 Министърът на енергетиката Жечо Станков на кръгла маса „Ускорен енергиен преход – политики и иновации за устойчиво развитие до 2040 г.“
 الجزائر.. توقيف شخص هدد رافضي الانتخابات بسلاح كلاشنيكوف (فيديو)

---

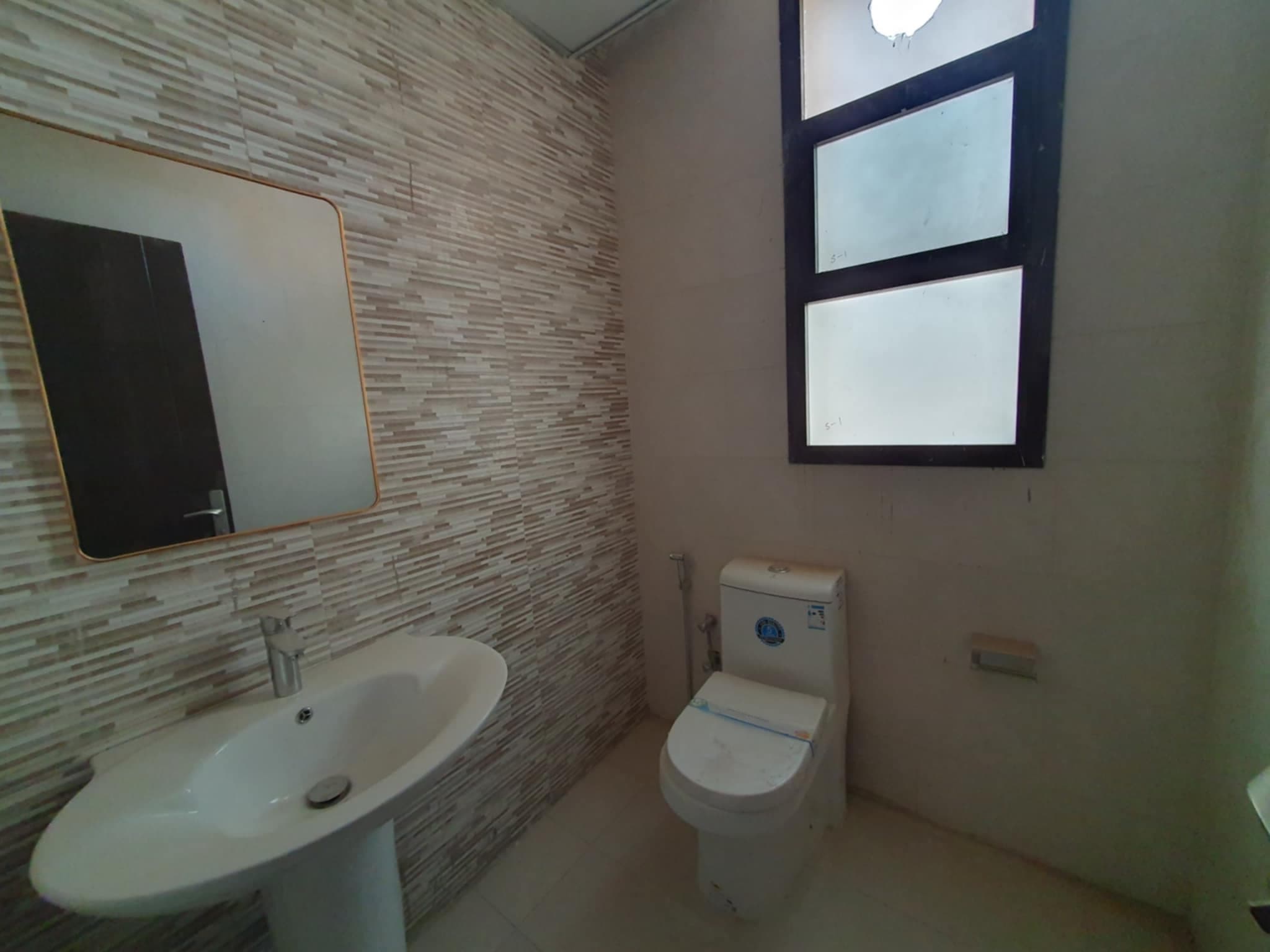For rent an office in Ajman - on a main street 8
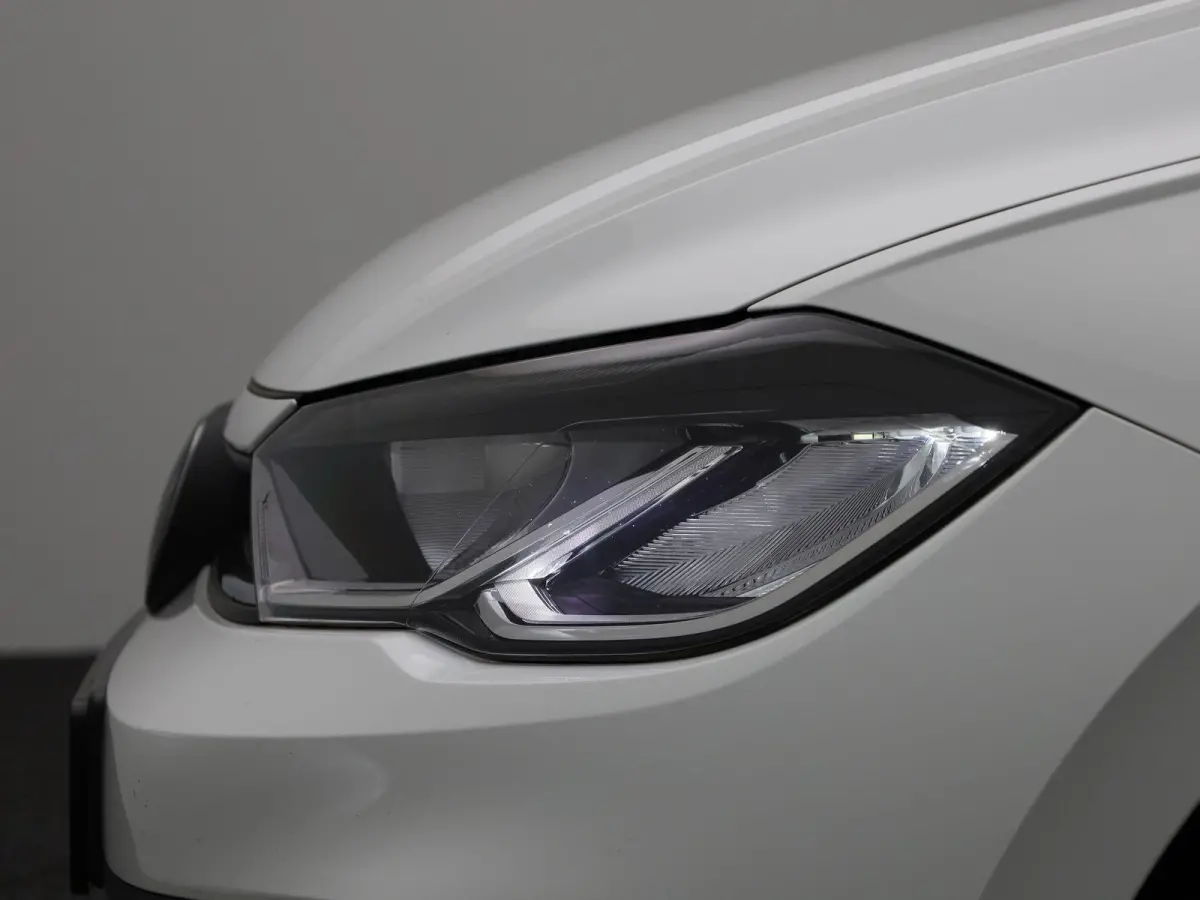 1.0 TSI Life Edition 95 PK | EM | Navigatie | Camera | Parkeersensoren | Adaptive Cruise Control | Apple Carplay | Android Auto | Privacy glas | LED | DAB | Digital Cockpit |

**HOW TO COMPLETE THIS TASK**
In the listing above, find the line containing "For rent an" and the line containing "1.0 TSI Life"; print those lines and every line between them exactly, leaving out pictures.

**RESULT OF THIS TASK**
For rent an office in Ajman - on a main street 8
 1.0 TSI Life Edition 95 PK | EM | Navigatie | Camera | Parkeersensoren | Adaptive Cruise Control | Apple Carplay | Android Auto | Privacy glas | LED | DAB | Digital Cockpit |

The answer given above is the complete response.